▶ _STORED DATA_
* * *

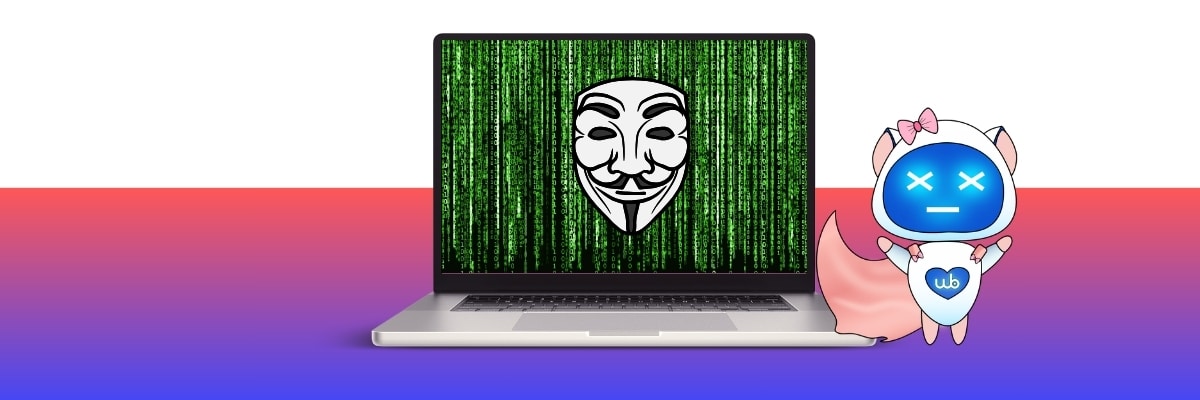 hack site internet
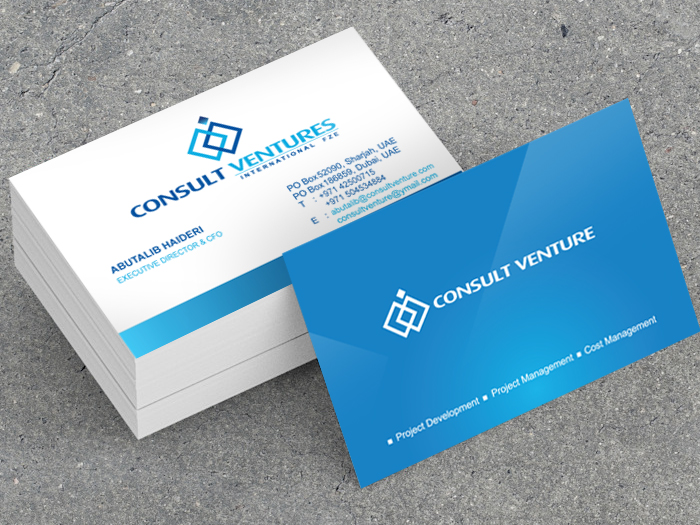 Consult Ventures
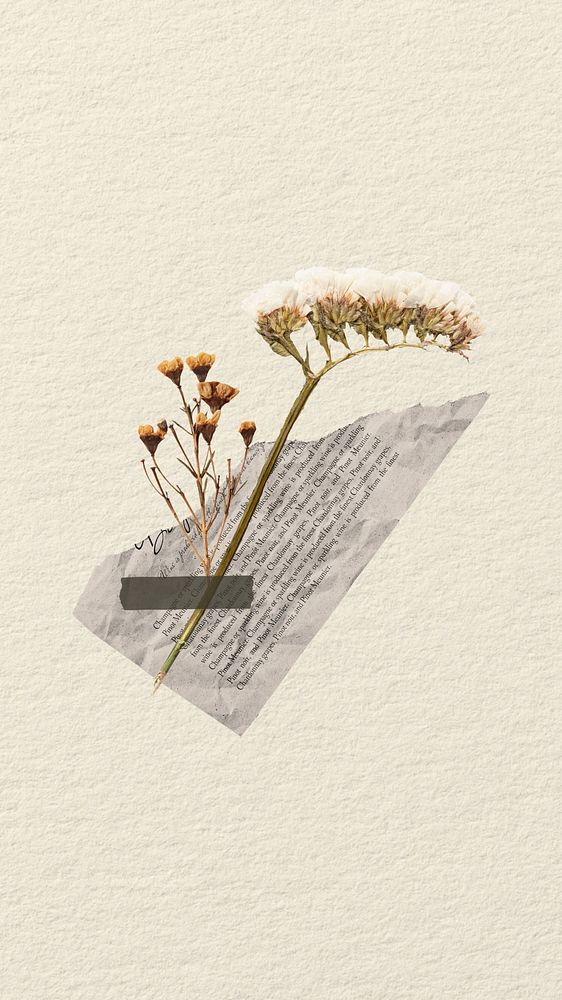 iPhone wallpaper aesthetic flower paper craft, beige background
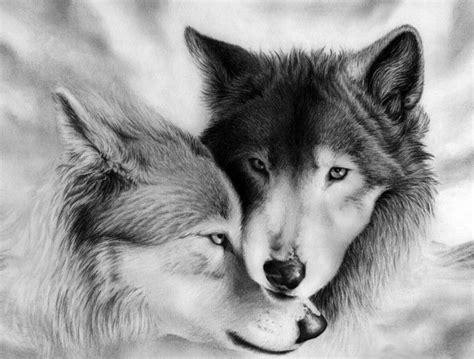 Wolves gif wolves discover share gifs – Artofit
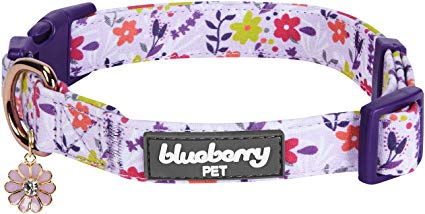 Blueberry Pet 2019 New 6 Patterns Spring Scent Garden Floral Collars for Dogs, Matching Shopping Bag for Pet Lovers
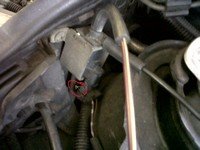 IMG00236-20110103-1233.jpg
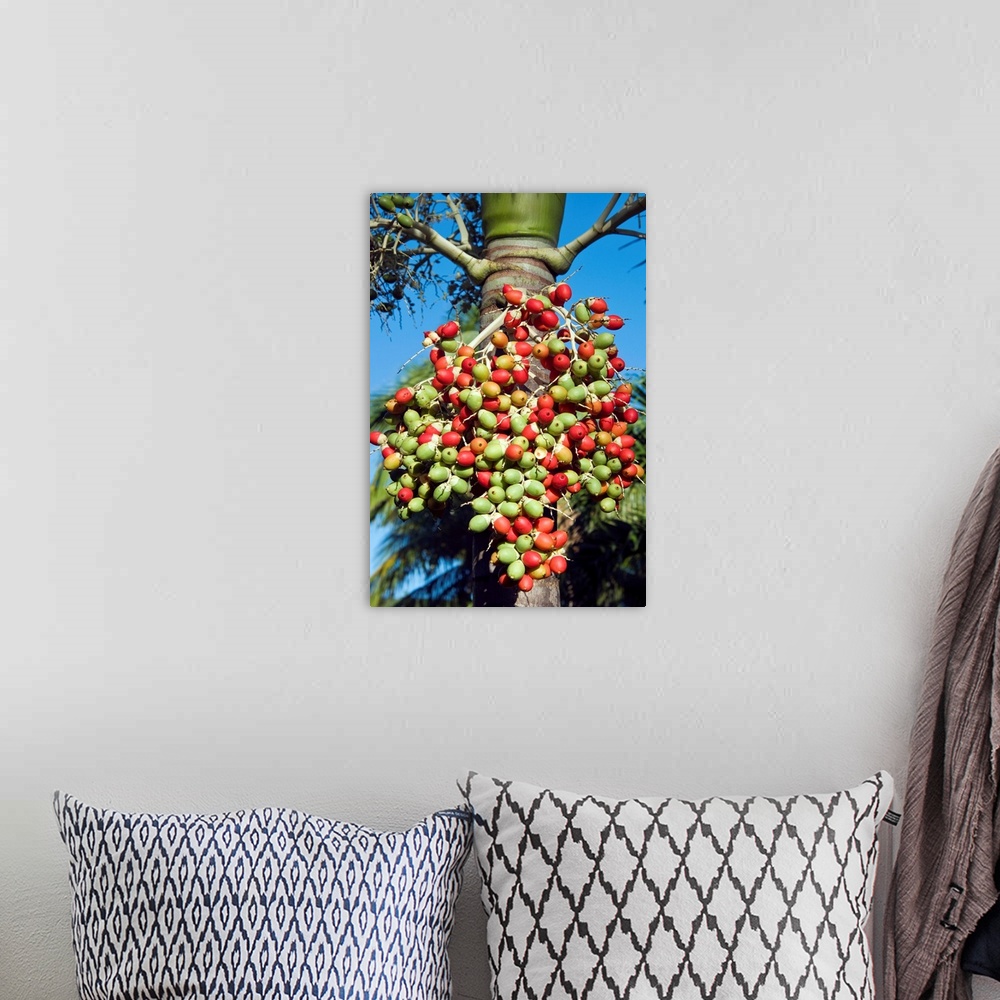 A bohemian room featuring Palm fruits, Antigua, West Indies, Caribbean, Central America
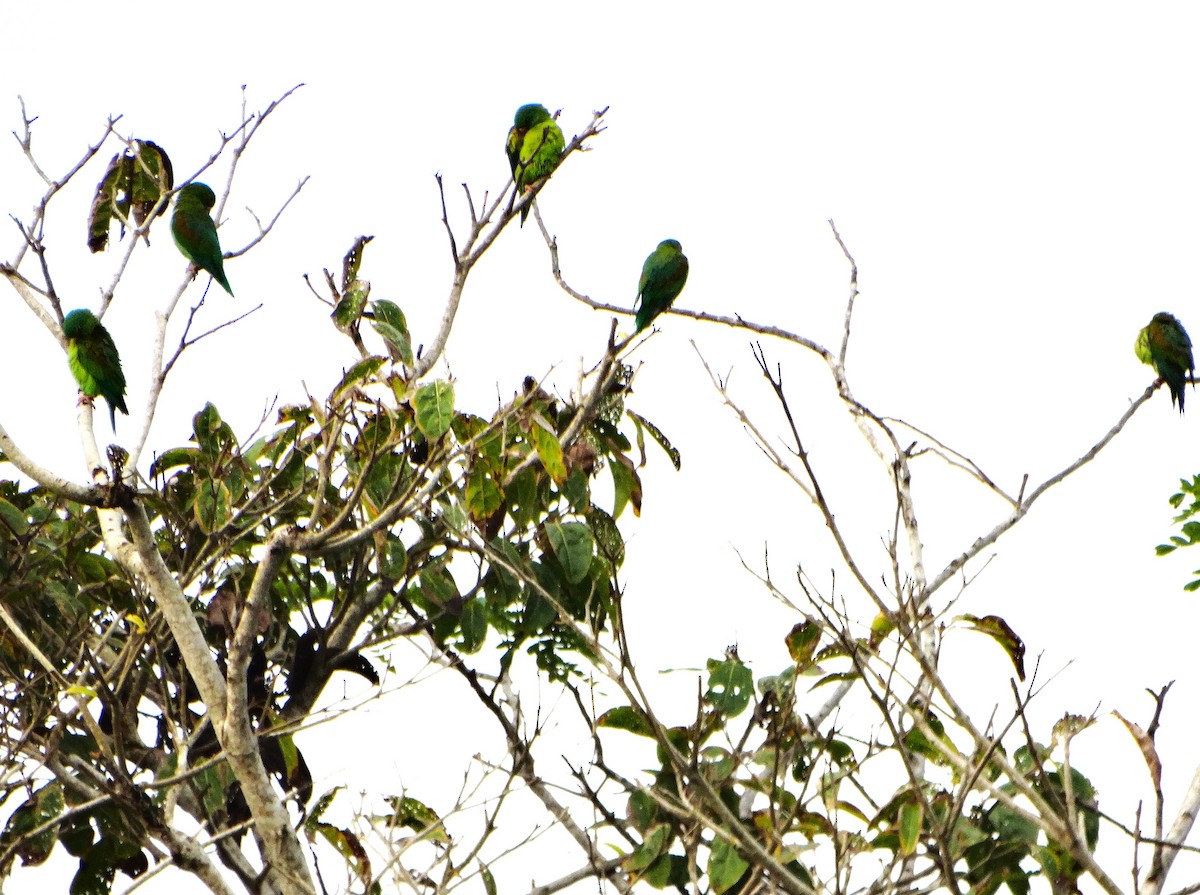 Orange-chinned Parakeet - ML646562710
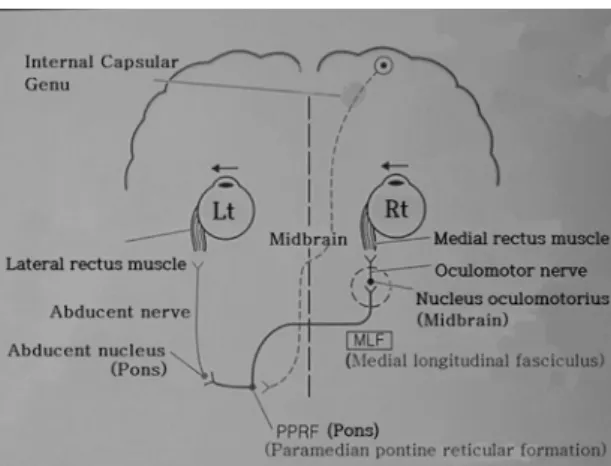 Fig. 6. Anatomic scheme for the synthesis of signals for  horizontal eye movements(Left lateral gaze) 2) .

* * *

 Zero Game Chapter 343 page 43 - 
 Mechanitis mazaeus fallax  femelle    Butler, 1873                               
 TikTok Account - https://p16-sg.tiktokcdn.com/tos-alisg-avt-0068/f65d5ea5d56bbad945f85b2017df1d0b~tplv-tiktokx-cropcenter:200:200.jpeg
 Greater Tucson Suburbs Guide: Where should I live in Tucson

* * *

▶ _BRIEF_
Transcribe the lines above exactly, beginning at the one with "iPhone wallpaper aesthetic" and ending at the one with "IMG00236-20110103-1233.jpg". Include both; exclude the pictures.

▶ _RESPONSE TO THE EXERCISE_
 iPhone wallpaper aesthetic flower paper craft, beige background
 Wolves gif wolves discover share gifs – Artofit
 Blueberry Pet 2019 New 6 Patterns Spring Scent Garden Floral Collars for Dogs, Matching Shopping Bag for Pet Lovers
 IMG00236-20110103-1233.jpg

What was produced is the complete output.